In some towns grotesque compromises between integration & outright segregation were achieved. In Cambridge, for example, Maori 'congestion' prompted the creation of a separate entrance to the rest rooms for natives.
I've been looking for photographs of the segregated rest rooms to include in the short illustrated history of white supremacism in NZ that I'm putting together this summer. Unlike the US & South Africa, though, NZ seems to have little visual record of its segregated toilets.
The photograph from Kaitaia is the only image I've found, so far, of rest rooms that were segregated, & the segregated nature of the facility is not obvious in the photo. If anyone has access to more images of our segregated rest rooms, then I'd love to see them.

Wednesday, December 04, 2019

Bromhead's folly


As if Garrick Tremain's joke about Samoa were not bad enough, Peter Bromhead has today published a cartoon in the New Zealand Herald that compares Maori trying to regenerate the forest on the Auckland maunga of Owairaka to Nazis.

As odd as it sounds, Bromhead is not the first Pakeha to allege a spurious connection between Maori culture & European fascism.

When New Zealand went to war against Germany in 1914 & '39, media & politicians quickly began to attack the Kaiser & Hitler's regimes as 'barbarous' & 'savage'. Germans were called 'the red Indians of Europe', & 'Mongolianised Europeans'. The language used against the Germans drew on a colonial fear & loathing of indigenous peoples.

Maori prophet Te Kooti's violent resistance to Pakeha rule in the 19th century made him a sort of precursor to fascism, in Pakeha consciousness.
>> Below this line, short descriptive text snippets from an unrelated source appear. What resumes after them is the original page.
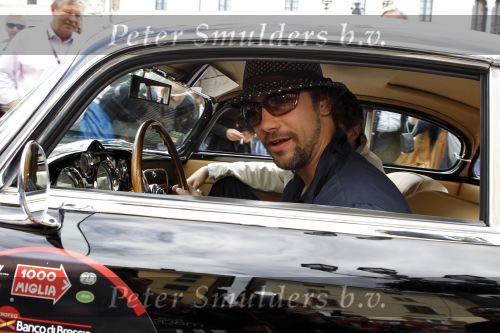 Brescia 6 mei 2010
Mille Miglia in brescia. Jamiroquai rijdt de Mille miglia in een bijzendere maserati
Peter Smulders bv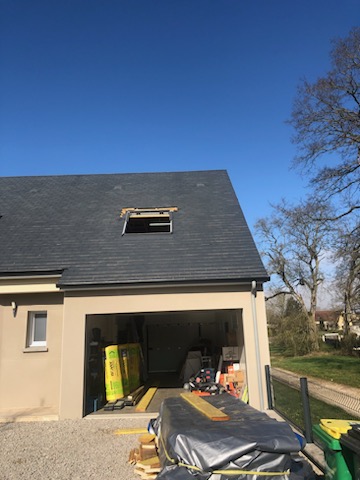 Pose d'un velux au dessus d'un combles dans un dessus de garage sur Couëron 44220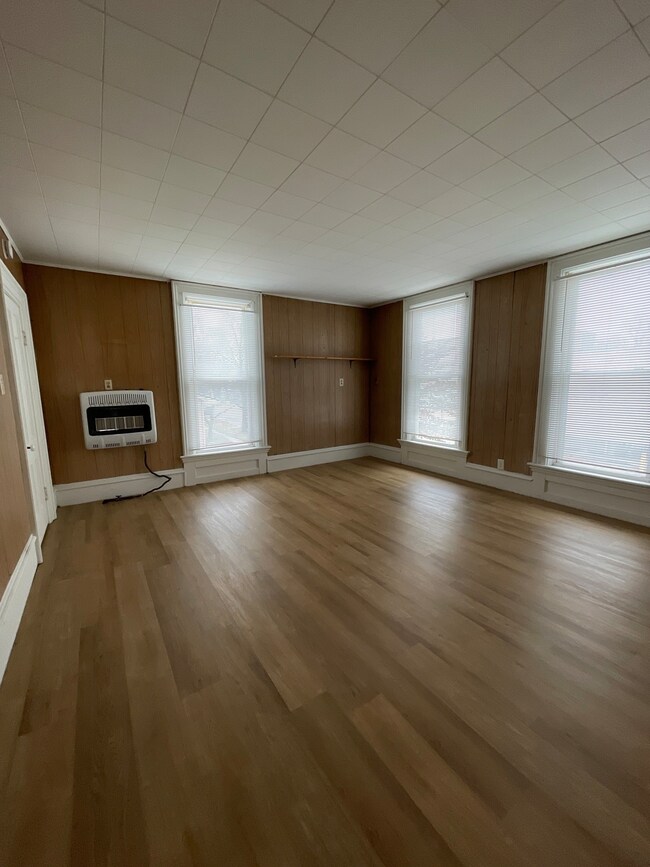 303 Unit 7 2nd St, Covington, IN 47932 - photo 2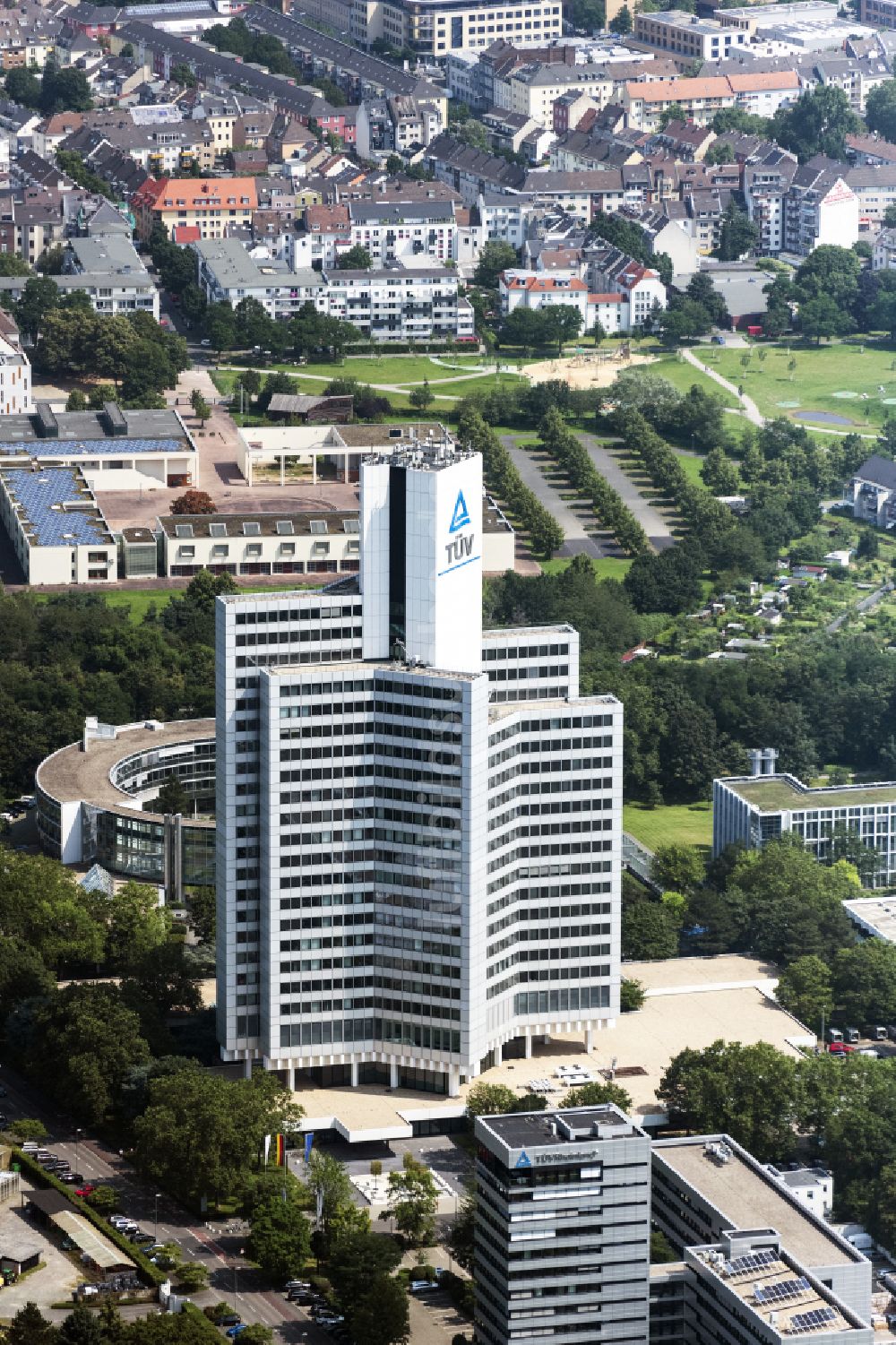 Köln aus der Vogelperspektive: Firmengelände des TÜV Rheinland in Köln im Bundesland Nordrhein-Westfalen, Deutschland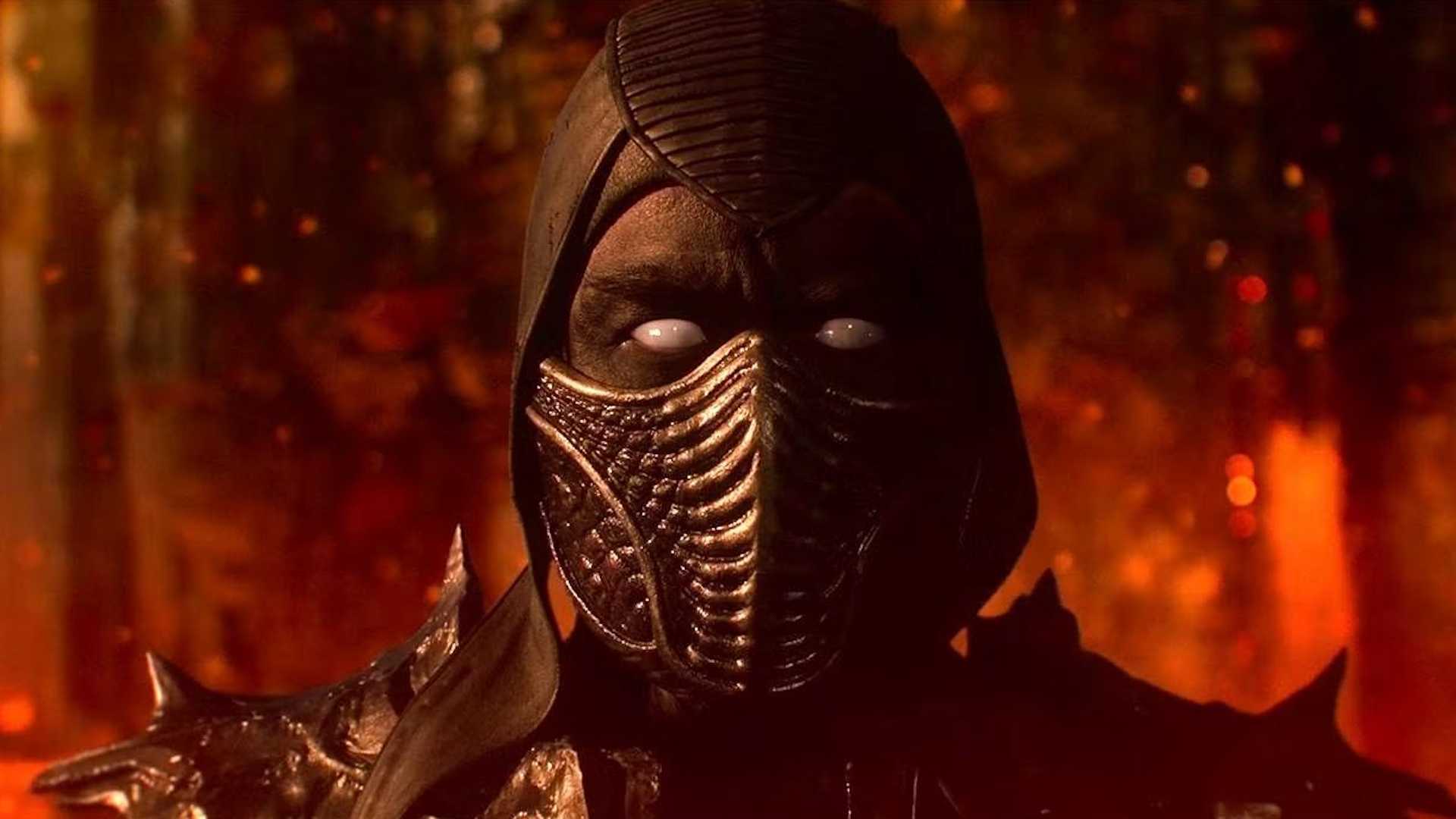 Noob Saibot staring with blank eyes in Mortal Kombat 2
In 1943 the Auckland Star explained to its readers that the stiff-armed salute of Europe's fascists had been pioneered by Te Kooti, who had named his religious movement Ringatu, or the upraised hand, after a gesture members used in worship. During World War One Te Kooti's successor, the anti-colonial prophet Rua Kenana, was accused of being a German agent by journalists & politicians.

In 1916 a Pakeha army attacked Kenana's utopian village in the Ureweras. Papers presented the expedition to Maungapohatu as a blow against the Kaiser. Tonga's government, which delayed cutting its valuable commercial ties with the Kaiser, was likewise condemned as a tool of the Hun, & subjected to a visit from New Zealand troops.

During World War Two Princess Te Puea was accused so often of Nazi sympathies that she eventually persuaded Peter Fraser's Labour government to make a statement condemning such rumours. Te Puea's Pai Marire religion & Maori nationalism were linked, in many Pakeha minds, to Hitlerism.

In the 1970s & '80s activist groups like Nga Tamatoa & gangs like the Stormtroopers & the Mongrel Mob were compared to Nazis by conservative Pakehas like cop & National MP Ross Meurant. In 1979 Maori activists beat up Auckland engineering students who were preparing to perform their annual drunken parody of the haka. The 'haka party riot' prompted accusations of brown fascism from Auckland's newspapers.

As the Maori Renaissance & the Treaty settlements process quickened in the late '80s & '90s, the comparisons between Maori culture & fascism continued, but took on a different tenor. The conspiracy theories of one-time National and Act ad man John Ansell reflect the change. Earlier racists had connected what they saw as the volatility, irrationality & violence of 'savage' Polynesians with the behaviour of the Nazis. But as he railed against a supposed conspiracy by Maori to take over New Zealand, Ansell focused on a different aspect of Nazism.

During a lecture tour of New Zealand, Ansell displayed a huge portrait of Hitler, & talked of the Nazis' manipulation of minds. Ansell claimed a parallel between the Nazis' bureaucratic might & NZ's supposed 'Treaty industry'. Both were vast, calculating, cynical. With his bathetic cartoon for today's New Zealand Herald, which compares iwi employees to the functionaries of the bureaucratic & evil Nazi state, Bromhead is channeling John Ansell. It is disappointing stuff, coming from a cartoonist who once lampooned political absurdity.